:: The data ::

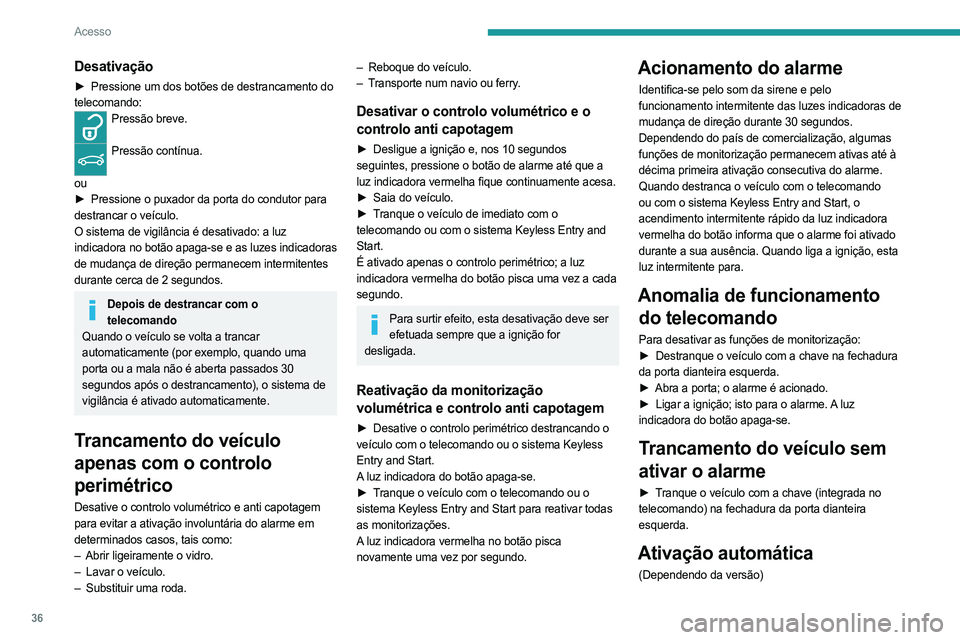 PEUGEOT 408 2023 Manual de utilização (in Portuguese) 36
Acesso
Desativação
► Pressione um dos botões de destrancamento do
telecomando:
Pressão breve.
Pressão contínua.
ou
►
Pressione o puxador da porta do condutor para
destrancar o v PEUGEOT 408 2023 Manual de utilização (in Portuguese) 36
Acesso
Desativação
► Pressione um dos botões de destrancamento do
telecomando:
Pressão breve.
Pressão contínua.
ou
►
Pressione o puxador da porta do condutor para
destrancar o v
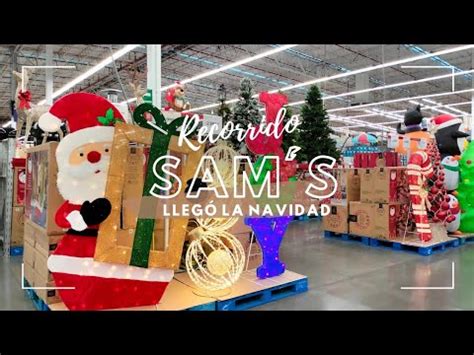 LLEGO LA NAVIDAD A SAM S RECORRIDO YouTube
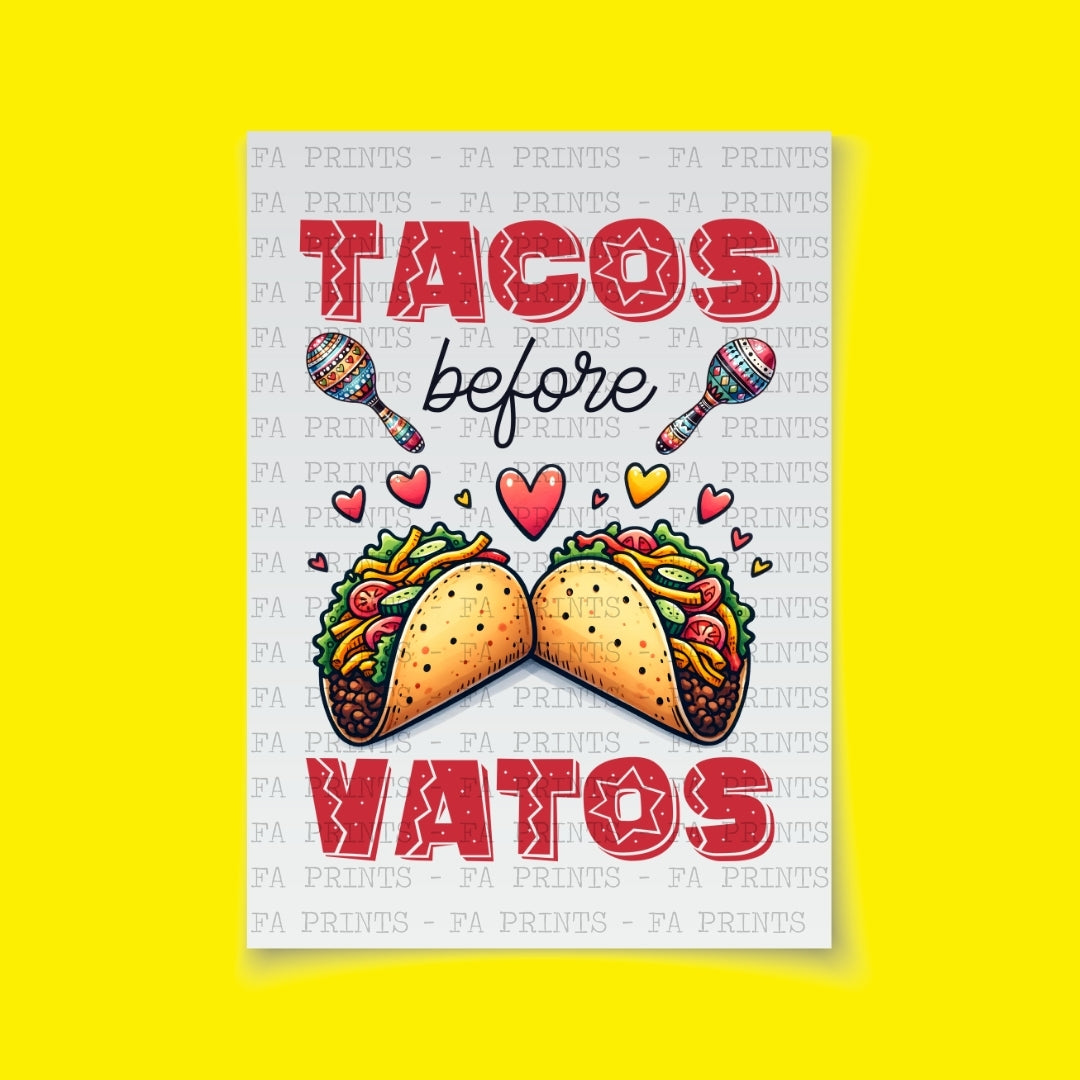 Tacos Before Vatos | DTF Transfer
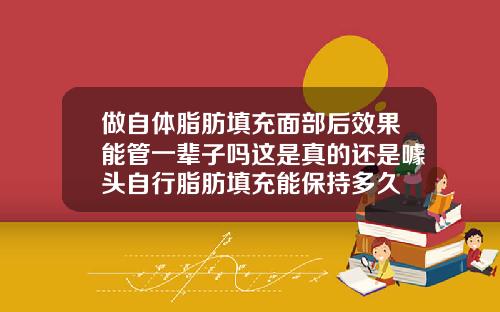做自体脂肪填充面部后效果能管一辈子吗这是真的还是噱头自行脂肪填充能保持多久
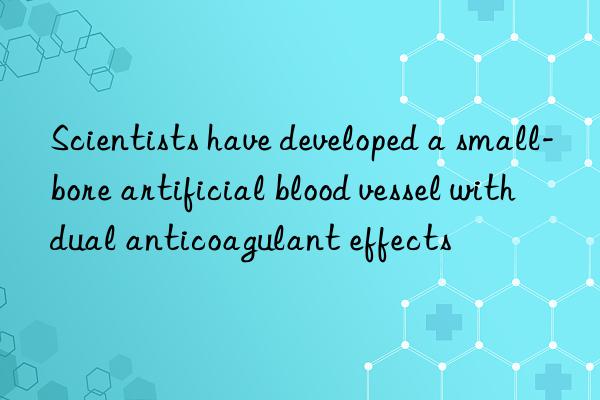 scientists have developed a small-bore artificial blood vessel with dual anticoagulant effects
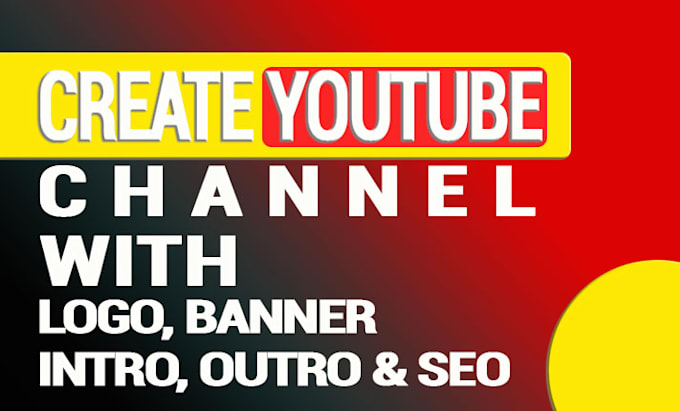 Create youtube channel with logo, banner, intro, outro, seo by Zahidbds ...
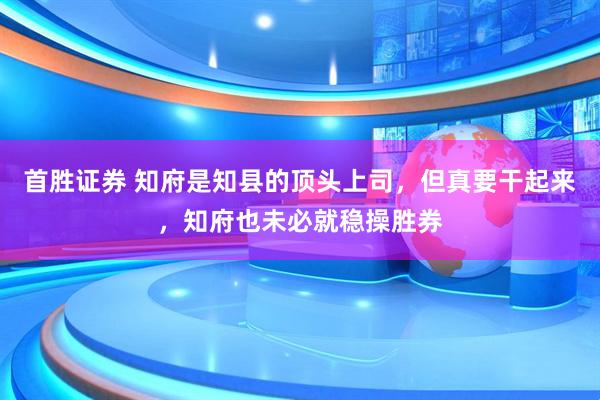 首胜证券 知府是知县的顶头上司，但真要干起来，知府也未必就稳操胜券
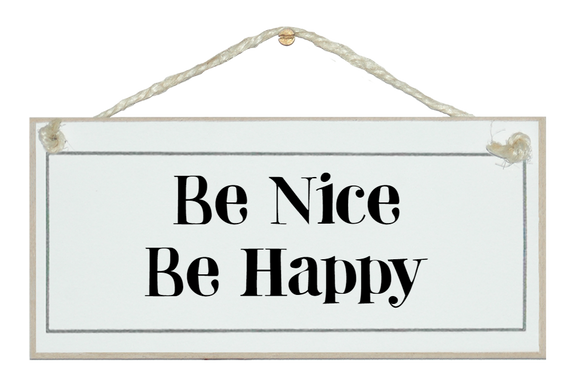 Be nice, be happy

:::

__Exercise goal__. Every line of the entries that includes "destrancar" must be copied into the answer.

__Response to this exercise__.
destrancar o v PEUGEOT 408 2023 Manual de utilização (in Portuguese) 36
destrancar o v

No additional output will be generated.